Yep, But I can't justify cleaning and rebuilding the carb since a new one is $20 on amazon.

I'm not quite sure replacing the carb is justifiable since the recoil isn't "recoiling" all the way. That sounds like $30-40 right there... If I wasn't broke right now I'd probably have it running already! 

Life's a bear!


----------



## suspicionofignorance2 (Jan 26, 2014)

Did the recoil pull "kick back' sometimes when you were able to do a full pull? If so, and realizing the backfire you see....I would definitely suspect the flywheel key is partially sheered..! And most likely your only problem...Fairly easy job...


----------



## chillman88 (Feb 14, 2015)

suspicionofignorance2 said:


> Did the recoil pull "kick back' sometimes when you were able to do a full pull? If so, and realizing the backfire you see....I would definitely suspect the flywheel key is partially sheered..! And most likely your only problem...Fairly easy job...


If by kick back you mean stop pulling and knock me on my rear then yes haha. It kinda hurts when you're pulling and all the sudden the cord says NOPE!  

I'm considering trying it, but the problem I run into is the recoil is held on by PHILIPS HEAD screws, and they are seized tight. If I remember tomorrow I'll hit them with some penetrant and see what I come up with this weekend. If I get time... I have to replace the rear axle in my truck Saturday! 

Don't they make a semi-universal spring kit for these recoil starters? I'm thinking the spring is just weak from all the years of pulling on it. It goes back about halfway. I can manually rewind it the remainder if I reach behind the cover though.


----------



## classiccat (Mar 1, 2014)

The recoil spring likely slipped and you lost a turn or two. Doneboy has a trick to add wraps that puts more tension in the recoil spring; he melts a notch into the plastic that allows him to rotate the spool without removing the rope...pretty slick.

If you have an impact driver (not to be confused with an impact wrench), get a snug-fitting phillips bit, it allows you to put pressure on the bit while the tool walks out the fastener.

If you are backfiring through the intake, it could be a sheared key as the other guys have mentioned. If you find that the flywheel key is intact, I would start looking into a valve issue (clearance, unseated spring, etc.). Pretty simple stuff compared to swappin' truck axles!!!!


----------



## chillman88 (Feb 14, 2015)

classiccat said:


> The recoil spring likely slipped and you lost a turn or two.
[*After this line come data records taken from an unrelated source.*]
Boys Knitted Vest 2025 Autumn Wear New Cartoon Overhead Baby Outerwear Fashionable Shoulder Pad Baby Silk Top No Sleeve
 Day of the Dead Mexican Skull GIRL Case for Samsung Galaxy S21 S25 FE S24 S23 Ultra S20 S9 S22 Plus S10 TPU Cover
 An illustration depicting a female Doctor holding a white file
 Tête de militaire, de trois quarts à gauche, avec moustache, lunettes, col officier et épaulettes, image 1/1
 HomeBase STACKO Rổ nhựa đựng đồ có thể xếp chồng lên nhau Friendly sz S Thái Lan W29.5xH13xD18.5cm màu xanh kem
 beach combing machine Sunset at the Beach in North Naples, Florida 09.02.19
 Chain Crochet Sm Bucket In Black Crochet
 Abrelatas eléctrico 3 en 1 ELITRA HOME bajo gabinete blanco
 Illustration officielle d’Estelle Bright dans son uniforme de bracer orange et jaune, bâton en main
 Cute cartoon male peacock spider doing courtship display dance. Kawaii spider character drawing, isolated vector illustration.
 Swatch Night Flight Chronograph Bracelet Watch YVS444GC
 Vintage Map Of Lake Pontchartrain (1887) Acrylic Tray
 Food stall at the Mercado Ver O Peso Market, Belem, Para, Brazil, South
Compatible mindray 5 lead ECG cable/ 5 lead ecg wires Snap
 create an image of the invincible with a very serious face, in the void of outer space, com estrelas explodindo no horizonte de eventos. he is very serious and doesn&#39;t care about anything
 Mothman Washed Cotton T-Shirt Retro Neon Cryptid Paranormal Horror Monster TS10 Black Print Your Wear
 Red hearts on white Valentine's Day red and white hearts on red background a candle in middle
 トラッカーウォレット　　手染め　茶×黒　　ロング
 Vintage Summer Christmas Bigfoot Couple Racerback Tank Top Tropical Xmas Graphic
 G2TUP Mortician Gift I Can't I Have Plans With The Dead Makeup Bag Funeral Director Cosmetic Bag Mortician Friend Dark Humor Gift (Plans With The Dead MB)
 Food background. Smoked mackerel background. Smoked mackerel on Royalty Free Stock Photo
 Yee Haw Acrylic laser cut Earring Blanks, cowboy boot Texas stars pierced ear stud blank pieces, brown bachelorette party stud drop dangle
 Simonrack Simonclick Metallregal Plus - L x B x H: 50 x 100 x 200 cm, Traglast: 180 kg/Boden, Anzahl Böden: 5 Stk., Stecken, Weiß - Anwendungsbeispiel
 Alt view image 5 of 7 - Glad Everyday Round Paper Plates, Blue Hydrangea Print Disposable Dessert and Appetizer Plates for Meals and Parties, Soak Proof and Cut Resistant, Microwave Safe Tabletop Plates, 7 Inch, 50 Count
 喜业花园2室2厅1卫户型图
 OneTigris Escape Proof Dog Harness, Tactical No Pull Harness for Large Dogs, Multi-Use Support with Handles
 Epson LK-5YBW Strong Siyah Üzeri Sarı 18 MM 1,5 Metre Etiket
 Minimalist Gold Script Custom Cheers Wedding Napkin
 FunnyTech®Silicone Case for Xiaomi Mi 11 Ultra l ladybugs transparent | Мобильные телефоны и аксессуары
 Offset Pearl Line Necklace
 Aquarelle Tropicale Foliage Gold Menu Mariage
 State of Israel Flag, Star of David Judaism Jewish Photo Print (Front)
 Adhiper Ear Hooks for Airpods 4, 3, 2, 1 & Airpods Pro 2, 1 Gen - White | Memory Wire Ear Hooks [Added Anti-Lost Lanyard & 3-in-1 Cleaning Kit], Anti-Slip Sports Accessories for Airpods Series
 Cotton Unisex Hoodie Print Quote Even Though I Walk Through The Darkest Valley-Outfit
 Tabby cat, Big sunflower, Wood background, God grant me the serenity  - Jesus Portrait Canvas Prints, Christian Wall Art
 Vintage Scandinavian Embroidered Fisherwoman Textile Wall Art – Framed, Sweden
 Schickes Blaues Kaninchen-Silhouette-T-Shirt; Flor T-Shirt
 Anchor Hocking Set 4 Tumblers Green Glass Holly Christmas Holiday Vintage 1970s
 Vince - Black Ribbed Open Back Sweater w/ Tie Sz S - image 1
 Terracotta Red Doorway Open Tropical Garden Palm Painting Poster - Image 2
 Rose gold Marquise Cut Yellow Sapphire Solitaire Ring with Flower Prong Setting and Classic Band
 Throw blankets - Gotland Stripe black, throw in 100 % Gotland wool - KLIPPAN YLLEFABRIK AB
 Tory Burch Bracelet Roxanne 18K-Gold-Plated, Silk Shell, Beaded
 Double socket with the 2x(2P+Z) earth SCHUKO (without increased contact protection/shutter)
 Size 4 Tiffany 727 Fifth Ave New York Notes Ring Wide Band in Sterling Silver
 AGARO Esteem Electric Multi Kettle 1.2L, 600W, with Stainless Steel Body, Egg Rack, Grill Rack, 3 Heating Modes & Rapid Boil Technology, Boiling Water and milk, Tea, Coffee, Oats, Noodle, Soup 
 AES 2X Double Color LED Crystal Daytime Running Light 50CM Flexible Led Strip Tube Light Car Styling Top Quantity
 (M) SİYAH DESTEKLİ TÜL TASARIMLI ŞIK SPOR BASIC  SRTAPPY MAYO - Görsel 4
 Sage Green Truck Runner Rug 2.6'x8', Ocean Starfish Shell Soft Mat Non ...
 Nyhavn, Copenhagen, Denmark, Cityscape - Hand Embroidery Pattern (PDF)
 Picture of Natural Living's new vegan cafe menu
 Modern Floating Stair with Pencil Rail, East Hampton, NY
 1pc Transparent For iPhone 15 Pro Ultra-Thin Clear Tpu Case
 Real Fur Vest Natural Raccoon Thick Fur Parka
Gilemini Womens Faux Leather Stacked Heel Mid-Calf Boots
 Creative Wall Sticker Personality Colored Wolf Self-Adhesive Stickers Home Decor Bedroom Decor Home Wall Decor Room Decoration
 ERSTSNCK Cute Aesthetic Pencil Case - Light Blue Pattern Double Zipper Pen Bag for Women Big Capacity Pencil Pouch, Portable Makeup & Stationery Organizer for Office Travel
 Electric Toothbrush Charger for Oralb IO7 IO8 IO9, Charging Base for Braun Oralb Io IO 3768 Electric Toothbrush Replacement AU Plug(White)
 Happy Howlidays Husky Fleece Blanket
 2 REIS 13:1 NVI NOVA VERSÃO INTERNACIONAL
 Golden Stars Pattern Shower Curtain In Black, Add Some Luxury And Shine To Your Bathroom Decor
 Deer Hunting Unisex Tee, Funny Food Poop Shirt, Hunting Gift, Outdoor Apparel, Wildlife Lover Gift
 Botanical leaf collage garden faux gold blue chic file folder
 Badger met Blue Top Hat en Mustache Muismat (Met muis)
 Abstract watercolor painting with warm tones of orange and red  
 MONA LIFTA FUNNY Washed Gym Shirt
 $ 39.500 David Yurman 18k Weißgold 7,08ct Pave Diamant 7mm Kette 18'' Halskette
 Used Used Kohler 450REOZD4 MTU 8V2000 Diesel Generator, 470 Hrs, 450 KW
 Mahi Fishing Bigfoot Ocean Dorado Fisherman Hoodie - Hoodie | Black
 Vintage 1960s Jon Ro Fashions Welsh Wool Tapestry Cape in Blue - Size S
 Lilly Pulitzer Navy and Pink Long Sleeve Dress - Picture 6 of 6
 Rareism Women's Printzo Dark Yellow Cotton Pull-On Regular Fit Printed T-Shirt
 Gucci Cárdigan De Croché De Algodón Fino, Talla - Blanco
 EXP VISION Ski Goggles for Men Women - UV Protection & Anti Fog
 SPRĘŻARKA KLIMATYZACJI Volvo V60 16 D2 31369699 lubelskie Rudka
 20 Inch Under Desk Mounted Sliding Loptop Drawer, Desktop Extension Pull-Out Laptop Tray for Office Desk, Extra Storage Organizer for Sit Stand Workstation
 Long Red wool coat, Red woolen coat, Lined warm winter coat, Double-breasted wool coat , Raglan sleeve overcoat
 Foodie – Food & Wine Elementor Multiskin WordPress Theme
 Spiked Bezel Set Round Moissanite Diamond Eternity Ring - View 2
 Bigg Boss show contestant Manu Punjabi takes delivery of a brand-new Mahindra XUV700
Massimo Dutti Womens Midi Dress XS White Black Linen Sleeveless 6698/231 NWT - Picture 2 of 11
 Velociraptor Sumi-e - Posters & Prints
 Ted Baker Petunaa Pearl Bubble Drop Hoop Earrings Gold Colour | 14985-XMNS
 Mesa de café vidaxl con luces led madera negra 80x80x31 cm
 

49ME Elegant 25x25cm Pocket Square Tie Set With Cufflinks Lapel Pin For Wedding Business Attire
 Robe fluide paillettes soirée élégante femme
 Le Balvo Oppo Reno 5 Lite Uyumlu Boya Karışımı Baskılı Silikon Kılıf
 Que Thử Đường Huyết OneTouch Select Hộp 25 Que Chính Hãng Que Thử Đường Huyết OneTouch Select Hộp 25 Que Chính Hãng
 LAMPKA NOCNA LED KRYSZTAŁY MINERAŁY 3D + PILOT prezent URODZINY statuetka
Doneboy has a trick to add wraps that puts more tension in the recoil spring; he melts a notch into the plastic that allows him to rotate the spool without removing the rope...pretty slick.


Hmm... That might be worth looking into!



classiccat said:


> If you have an impact driver (not to be confused with an impact wrench), get a snug-fitting phillips bit, it allows you to put pressure on the bit while the tool walks out the fastener.


I actually though of that this morning in the shower, we have one at work that I think I can borrow. I'm thinking I'd still better hit them with some penetrant 



classiccat said:


> Pretty simple stuff compared to swappin' truck axles!!!!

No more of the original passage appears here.